Copy link to clipboard
Copied
Rookie here! I would love some help. Every week I sort through hundreds of PDF pages and combine them based on mutual routing numbers...there's gotta be a better way to do this. I've thought of either creating code to reorganize or extract the pages from the PDF document with matching strings where it finds routing number strings that I have in an xlsx file on Windows. My version is Adobe Acrobat Standard 2020. Adobe only takes Javascript which I'm unfamiliar with but have attempted to compile code from other pages to try and create something that might work. Help?
// Iterates over all pages and find a given string and extracts all
// pages on which that string is found to a new file.
var pageArray = [];
var stringsToSearchFor = ["routingnumber"];
for (var p = 0; p < this.numPages; p++) {
// iterate over all words
for (var n = 0; n < this.getPageNumWords(p); n++) {
if (this.getPageNthWord(p, n)!=-1) {
pageArray.push(p);
break;
}
}
}
if (pageArray.length > 0) {
// extract all pages that contain the string into a new document
var d = app.newDoc(); // this will add a blank page - we need to remove that once we are done
for (var n = 0; n < pageArray.length; n++) {
d.insertPages( {
nPage: d.numPages-1,
cPath: this.path,
nStart: pageArray[n],
nEnd: pageArray[n],
} );
}
// remove the first page
d.deletePages(0);
}
Copy link to clipboard
Copied
The structure of the code is good, but it doesn't actually collect the page words or search for anything.
Here's a change to the portion of the code that iterates over the pages and words.

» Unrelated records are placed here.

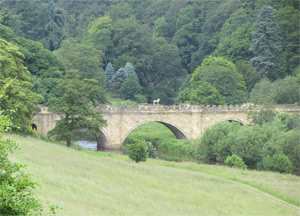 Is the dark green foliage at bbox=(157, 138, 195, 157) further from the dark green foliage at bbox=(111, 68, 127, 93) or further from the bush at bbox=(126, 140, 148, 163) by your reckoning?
the dark green foliage at bbox=(111, 68, 127, 93)

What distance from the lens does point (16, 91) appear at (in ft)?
134

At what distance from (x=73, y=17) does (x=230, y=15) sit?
41205 millimetres

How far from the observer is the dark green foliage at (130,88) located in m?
89.9

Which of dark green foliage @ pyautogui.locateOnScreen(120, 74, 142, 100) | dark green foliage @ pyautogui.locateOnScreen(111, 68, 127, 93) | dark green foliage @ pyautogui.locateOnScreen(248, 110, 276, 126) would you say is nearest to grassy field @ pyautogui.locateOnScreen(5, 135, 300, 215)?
dark green foliage @ pyautogui.locateOnScreen(248, 110, 276, 126)

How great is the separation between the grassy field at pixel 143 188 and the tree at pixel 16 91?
11.6 ft

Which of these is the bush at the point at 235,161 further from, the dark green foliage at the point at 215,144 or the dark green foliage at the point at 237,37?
the dark green foliage at the point at 237,37

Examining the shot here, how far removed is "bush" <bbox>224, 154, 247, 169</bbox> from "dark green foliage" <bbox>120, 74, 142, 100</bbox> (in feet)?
142

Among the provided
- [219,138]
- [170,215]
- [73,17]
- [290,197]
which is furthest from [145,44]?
[170,215]

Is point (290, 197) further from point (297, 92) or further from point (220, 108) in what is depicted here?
point (297, 92)

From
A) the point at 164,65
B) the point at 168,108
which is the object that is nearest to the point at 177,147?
the point at 168,108

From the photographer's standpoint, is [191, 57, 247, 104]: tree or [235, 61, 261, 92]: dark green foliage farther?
[235, 61, 261, 92]: dark green foliage

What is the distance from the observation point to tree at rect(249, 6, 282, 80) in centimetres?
9119

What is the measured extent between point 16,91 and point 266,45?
61.7m

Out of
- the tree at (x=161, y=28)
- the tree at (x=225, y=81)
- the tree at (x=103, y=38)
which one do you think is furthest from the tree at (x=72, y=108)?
the tree at (x=161, y=28) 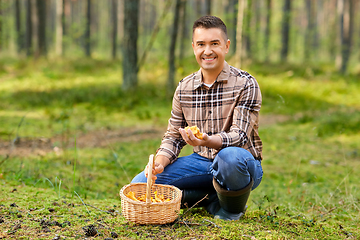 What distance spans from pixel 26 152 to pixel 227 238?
12.3 ft

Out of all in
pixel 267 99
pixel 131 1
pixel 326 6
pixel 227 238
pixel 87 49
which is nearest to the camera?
pixel 227 238

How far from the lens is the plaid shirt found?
2.57 metres

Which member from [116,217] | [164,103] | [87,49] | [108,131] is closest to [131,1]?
[164,103]

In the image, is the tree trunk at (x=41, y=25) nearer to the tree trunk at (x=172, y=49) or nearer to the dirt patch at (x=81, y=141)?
the tree trunk at (x=172, y=49)

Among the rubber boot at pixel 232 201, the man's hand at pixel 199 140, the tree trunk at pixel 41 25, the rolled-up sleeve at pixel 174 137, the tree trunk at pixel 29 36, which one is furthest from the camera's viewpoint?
the tree trunk at pixel 29 36

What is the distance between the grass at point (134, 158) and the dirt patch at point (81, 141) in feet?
0.27

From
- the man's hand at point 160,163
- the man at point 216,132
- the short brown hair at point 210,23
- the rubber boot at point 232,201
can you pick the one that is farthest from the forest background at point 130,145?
the short brown hair at point 210,23

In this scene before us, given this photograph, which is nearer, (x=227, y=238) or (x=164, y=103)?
(x=227, y=238)

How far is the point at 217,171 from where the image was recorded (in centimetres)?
252

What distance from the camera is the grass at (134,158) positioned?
2516mm

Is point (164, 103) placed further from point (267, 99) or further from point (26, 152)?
point (26, 152)

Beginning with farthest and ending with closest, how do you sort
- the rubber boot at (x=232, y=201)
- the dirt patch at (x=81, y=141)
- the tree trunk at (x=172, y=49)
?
the tree trunk at (x=172, y=49) < the dirt patch at (x=81, y=141) < the rubber boot at (x=232, y=201)

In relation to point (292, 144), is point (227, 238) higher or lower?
higher

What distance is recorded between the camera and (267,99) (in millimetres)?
11117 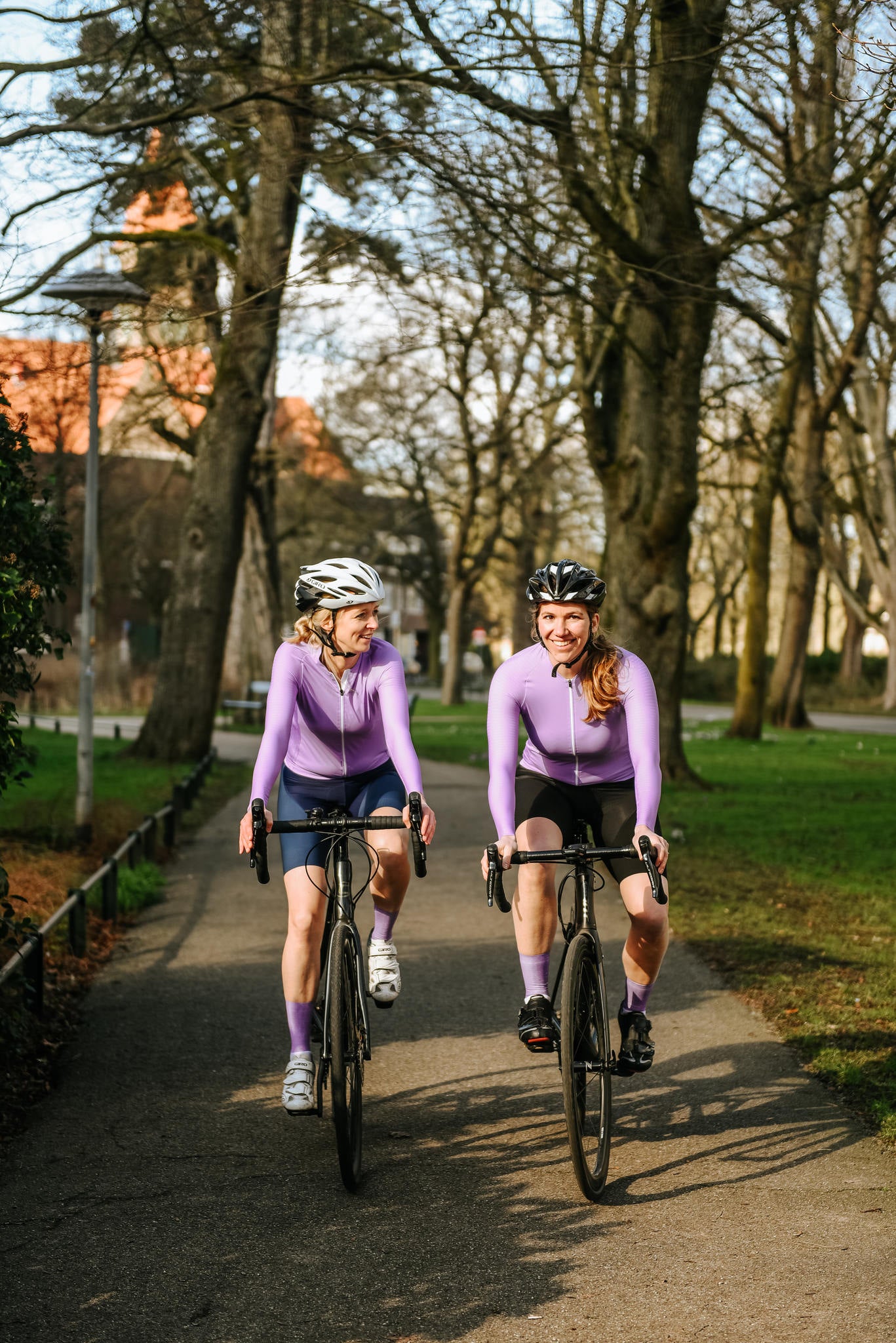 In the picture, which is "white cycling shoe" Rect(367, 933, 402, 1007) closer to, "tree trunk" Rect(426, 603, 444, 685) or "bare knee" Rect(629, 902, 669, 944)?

var pageArray = [], cPageText;
var stringsToSearchFor = ["routingnumber"];
for (var p = 0; p < this.numPages; p++) {
// Collect all words on page
cPageText = "";
for (var n = 0; n < this.getPageNumWords(p); n++) {
cPageText += this.getPageNthWord(p, n);
}
if(stringsToSearchFor.some(function(cTest){return (cPageText.indexOf(cTest) != -1);}))
pageArray.push(p);
}
This code collects all the words on the page, and then searchs that string for any matches in the array of routing numbers.
The reason for doing it this way is because Acrobat breaks all words on non-word boundaries. So if the routing number contains punctuation it will be divided into several words. If this is not the case, and the routing number is a single continous string of alpha-numeric characters, then the code can be made more efficient by searching individual words.
So another method would be to search for a pattern using a regular expression, if that is suitable.
And a variation on the technique is to collect pages numbers for each different routing number, instead of mixing them in single array. This can be done with an object.
There is yet another technique that might be many times faster using an Action script. Actions work on many documents at the same time. You can see an example of this technique in many of the Actions you can download here (such as the "Find and Highlight words"):
https://acrobatusers.com/actions-exchange/